• PROBLEM DESCRIPTION
Would you repeat the data below exactly, taking out the images?

• AVAILABLE DATA
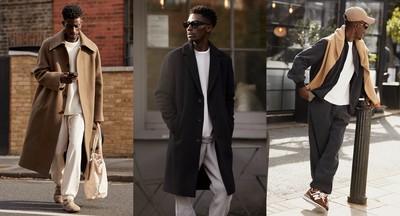 3 Ways To Wear A Tracksuit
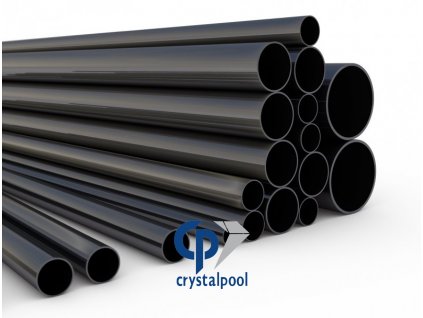 Potrubí d75 PN10 PVC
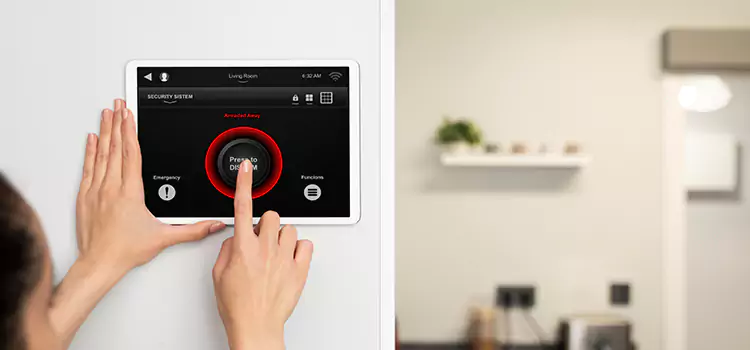 Blink Video Doorbell Installation Rio Rico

• TASK SOLUTION
 3 Ways To Wear A Tracksuit
 Potrubí d75 PN10 PVC
 Blink Video Doorbell Installation Rio Rico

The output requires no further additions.